- **Input data**:
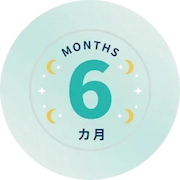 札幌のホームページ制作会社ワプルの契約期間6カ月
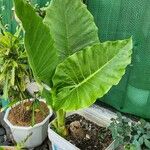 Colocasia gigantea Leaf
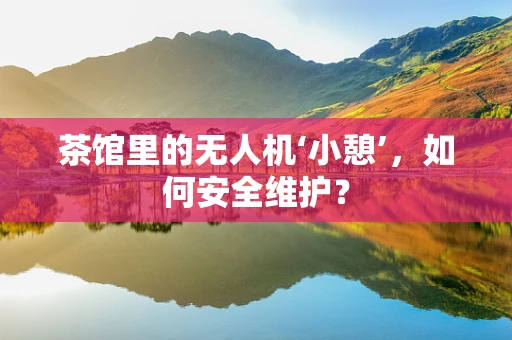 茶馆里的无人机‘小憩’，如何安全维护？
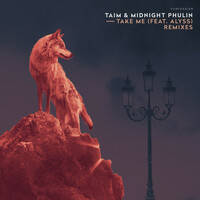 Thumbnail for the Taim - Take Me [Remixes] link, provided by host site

- **Task instructions**: What is needed is an exact copy of every line from the one with "茶馆里的无人机‘小憩’，如何安全维护？" to the end of the listing above, with the pictures left out.

- **Result of the task**:
 茶馆里的无人机‘小憩’，如何安全维护？
 Thumbnail for the Taim - Take Me [Remixes] link, provided by host site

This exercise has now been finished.